# The Travels of the Late 19th and Early 20th Century Composers



## shsherm (Jan 24, 2008)

I am interested in the travels of composer of the late 19th and early 20th century composers. Some examples I am aware of include Tchaikovsky who traveled quite a lot and I recently learned that he conducted the opening concert at Carnegie Hall in New York. Of course Gustav Mahler also conducted in New York a little later. Rimsky-Kosakov was an officer in the Russian Navy and traveled widely including as far away as Brazil. Antonin Dvorak spent time in the US including Iowa. Brahms did not travel much as far as I can tell. I would like to know more about the travels of other composers around that time if anyone has such information.


----------



## anon2k2 (Dec 18, 2007)

Mendelssohn came from a wealthy family and he was able to travel quite a bit.
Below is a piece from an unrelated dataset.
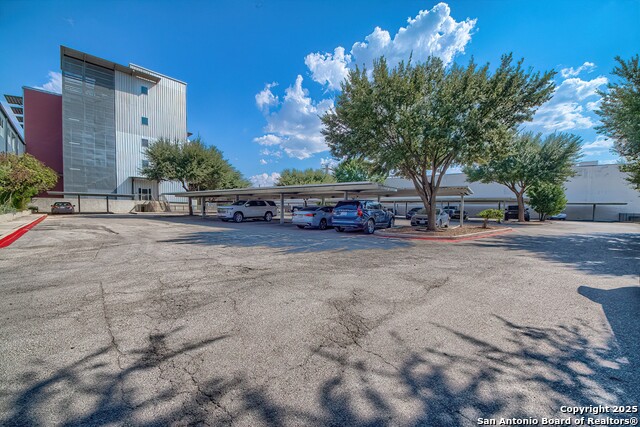 Listing photo id 41 for 831 Flores St S 2101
The Italian and Scottish symphonies are drawn from his travels, as is the Hebrides Overture.

I know that Edvard Grieg toured quite a bit as a soloist, and I know he also went to Rome to meet with Lizst.

Rachmaninov also toured extensively, coming the United States to premiere the 3rd Piano Concerto.

As the 19th century gave way to the 20th, I think more far-reaching travels became pretty normal for the "rich and famous" in Europe.


----------